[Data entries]
################

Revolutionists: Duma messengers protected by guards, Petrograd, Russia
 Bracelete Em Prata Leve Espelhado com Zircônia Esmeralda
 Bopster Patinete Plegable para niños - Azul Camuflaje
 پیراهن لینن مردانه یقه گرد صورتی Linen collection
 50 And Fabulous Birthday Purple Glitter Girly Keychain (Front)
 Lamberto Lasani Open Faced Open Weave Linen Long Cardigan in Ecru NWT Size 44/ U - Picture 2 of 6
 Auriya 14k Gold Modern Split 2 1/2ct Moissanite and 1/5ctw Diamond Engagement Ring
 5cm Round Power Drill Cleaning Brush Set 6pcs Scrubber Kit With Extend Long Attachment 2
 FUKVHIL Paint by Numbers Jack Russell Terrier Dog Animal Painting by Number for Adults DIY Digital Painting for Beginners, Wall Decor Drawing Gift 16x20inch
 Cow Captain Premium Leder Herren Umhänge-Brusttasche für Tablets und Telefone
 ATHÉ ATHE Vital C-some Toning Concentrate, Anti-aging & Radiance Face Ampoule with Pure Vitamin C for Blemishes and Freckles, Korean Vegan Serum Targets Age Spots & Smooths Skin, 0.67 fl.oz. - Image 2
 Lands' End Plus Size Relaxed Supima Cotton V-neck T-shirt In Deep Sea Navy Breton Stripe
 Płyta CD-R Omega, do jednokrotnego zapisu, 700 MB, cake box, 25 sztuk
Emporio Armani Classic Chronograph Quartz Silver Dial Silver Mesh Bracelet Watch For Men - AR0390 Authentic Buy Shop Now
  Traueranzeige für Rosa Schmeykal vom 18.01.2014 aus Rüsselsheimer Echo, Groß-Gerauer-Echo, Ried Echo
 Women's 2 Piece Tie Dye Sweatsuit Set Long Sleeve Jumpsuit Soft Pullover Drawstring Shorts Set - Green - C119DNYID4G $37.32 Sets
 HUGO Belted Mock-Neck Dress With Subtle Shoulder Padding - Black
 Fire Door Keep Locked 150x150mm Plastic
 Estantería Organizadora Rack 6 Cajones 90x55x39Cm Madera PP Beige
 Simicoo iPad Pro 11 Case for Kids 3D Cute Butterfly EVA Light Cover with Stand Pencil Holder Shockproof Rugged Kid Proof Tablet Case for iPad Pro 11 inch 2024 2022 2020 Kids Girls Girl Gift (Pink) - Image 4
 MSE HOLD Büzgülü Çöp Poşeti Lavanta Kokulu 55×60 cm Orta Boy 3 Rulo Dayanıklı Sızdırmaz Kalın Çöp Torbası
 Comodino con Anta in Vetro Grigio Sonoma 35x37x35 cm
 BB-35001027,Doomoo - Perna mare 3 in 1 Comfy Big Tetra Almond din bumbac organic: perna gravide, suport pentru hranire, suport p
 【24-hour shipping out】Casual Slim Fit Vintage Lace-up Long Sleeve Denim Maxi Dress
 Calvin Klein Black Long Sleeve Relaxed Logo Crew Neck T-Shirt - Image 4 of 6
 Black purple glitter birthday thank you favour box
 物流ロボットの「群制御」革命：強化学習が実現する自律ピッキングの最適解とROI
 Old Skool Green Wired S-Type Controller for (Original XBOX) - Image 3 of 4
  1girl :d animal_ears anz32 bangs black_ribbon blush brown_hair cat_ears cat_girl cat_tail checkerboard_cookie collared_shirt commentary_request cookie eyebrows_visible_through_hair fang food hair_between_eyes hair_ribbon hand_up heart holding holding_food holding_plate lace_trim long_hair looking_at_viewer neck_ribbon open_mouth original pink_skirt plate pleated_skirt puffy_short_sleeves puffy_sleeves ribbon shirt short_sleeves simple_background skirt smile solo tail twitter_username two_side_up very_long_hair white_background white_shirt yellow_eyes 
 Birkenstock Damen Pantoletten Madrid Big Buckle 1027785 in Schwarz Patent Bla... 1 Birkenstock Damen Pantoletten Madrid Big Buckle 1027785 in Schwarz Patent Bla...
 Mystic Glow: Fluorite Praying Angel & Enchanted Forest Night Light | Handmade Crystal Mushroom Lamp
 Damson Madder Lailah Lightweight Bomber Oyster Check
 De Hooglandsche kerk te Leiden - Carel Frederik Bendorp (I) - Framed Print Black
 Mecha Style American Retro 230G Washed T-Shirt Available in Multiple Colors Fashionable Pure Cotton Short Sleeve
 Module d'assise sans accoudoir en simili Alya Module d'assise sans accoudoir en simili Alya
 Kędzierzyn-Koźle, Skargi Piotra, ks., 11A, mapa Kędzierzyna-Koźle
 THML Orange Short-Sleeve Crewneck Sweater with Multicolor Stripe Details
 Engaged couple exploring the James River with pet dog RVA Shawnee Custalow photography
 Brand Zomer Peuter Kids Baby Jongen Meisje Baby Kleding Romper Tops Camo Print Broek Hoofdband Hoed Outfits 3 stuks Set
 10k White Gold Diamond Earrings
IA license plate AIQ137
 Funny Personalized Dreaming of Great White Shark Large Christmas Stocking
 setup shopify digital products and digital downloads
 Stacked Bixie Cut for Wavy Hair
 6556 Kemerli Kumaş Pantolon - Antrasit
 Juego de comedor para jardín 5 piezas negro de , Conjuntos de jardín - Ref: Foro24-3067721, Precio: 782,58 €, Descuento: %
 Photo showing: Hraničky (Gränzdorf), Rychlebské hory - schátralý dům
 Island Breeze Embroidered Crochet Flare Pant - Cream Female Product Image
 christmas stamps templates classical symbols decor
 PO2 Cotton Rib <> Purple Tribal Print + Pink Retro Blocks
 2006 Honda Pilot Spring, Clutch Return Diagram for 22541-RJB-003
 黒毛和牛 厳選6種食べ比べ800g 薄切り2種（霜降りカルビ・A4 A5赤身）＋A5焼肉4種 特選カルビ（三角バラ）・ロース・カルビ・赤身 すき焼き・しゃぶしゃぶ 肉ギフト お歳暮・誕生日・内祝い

################

◆ Your objective: Scan the records above for lines with the word "Gold", then say how many there are, giving the number alone.

◆ Result: 2